Uma igreja que faz missões com
maturidade, cobre o missionário integralmente, orando, jejuando, escrevendo,
sustentando, visitando animando-o, enviando revistas, roupas, brinquedos, e
isso para os missionários um grande incentivo, eles sentirse-ão amados e
cuidados por alguém.
As visitas periódicas do líder é
uma forma de pastorear e cuidar dos missionários, louvamos a Deus pela vida de
nossos líderes que amam e cuidam dos seus missionários como família.
Já um outro extremo são igrejas
super espirituais, fecham os olhos para as necessidades e usam o jargão: “Deus
proverá irmão, vai nesta sua força!!!” Triste mas verdade, ouvimos muito uma
outra expressão: “missionário tem que ralar e aprender
a viver com pouco.”
Usam até a palavra para
negligenciar sua responsabilidade: Não esquenta não irmão, o pouco com Deus é
muito”. Muitos gostam de TORCER a palavra de Deus para
justificar sua negligência, falta de visão, falta de amor para
com a obra e o obreiro.
Cruzamos os braços e ficamos “em cima do muro” vendo o
que irá acontecer.
Há uma outra realidade também que
muitas vezes é negligência do missionário que não se comunica com a igreja, não
escreve e quando o faz só fala de derrota, vê tudo com olhos negativos e
crítica. Vive no campo mais dando problemas para a equipe do que ajudando a
obra crescer, não produz, não aprende a língua e está perdendo tempo e dinheiro
da igreja.
A igreja precisa acordar para ver
quem está sendo enviado ao campo. Queridos, temos que lembrar e relembrar que
estamos lidando com almas, pessoas vivas e trabalhando para o Senhor e temos
que fazê-lo com zelo e temor, pois iremos dar conta das nossas obras que irão
passar pelo fogo como Paulo escreveu em 1Co.3,
13: “A obra de cada um se manifestará: na verdade o dia a declarará, porque
pelo FOGO será descoberta; e o fogo provará qual seja a obra de cada um”.

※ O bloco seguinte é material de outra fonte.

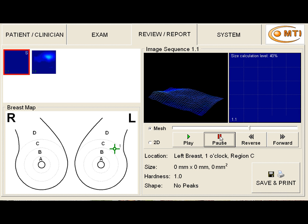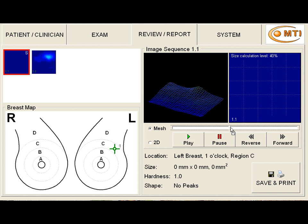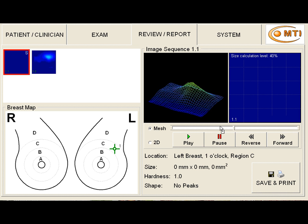And what that is, is the examiner, as they change directions, pushed down on the patient a little bit harder. And when they pushed down on the patient, they created this larger artifact.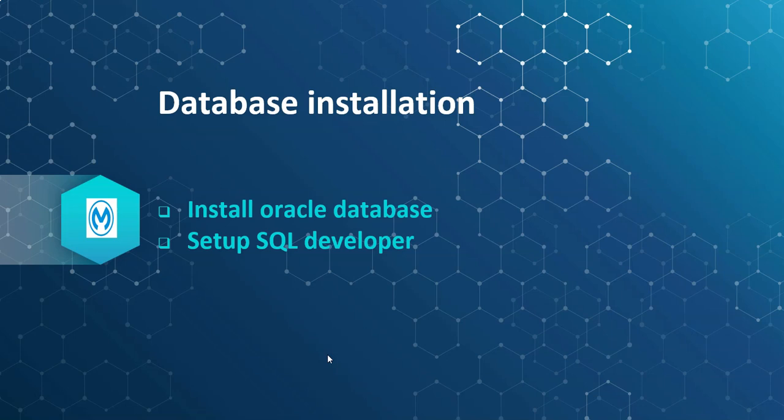Hi, welcome back. In this section we are going to work with the Database module. So let's install Oracle database and also SQL developer.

Já vi missionário retornando para a
pátria frustrados, machucados, desacreditado de missões, igrejas e agências e
com isto desanimaram e perderam a visão
pelo fato de não terem tido uma retaguarda forte e fiel segurando as cordas.
Voltando ao resgate de Ló, raciocine conosco, como você acha que Ló se
sentiu quando viu Abraão chegar com seu exército para resgatá-lo, não só Ló,
mas toda sua família, fazenda e povo. Imaginamos a alegria de Ló, ao ver o
resgate e ajuda chegando, agora aliviado, sabendo que não está só, mas tem
alguém com quem contar!
Este mesmo sentimento está presente
na vida de um missionário quando sente que tem um apoio na terra natal que tem
um povo orando que pode contar com amigos de verdade que socorrerão no momento
de perigo e luta! Saiba queridos que sem uma retaguarda forte e abençoada jamais
poderemos fazer o que tem que ser feito para o Senhor.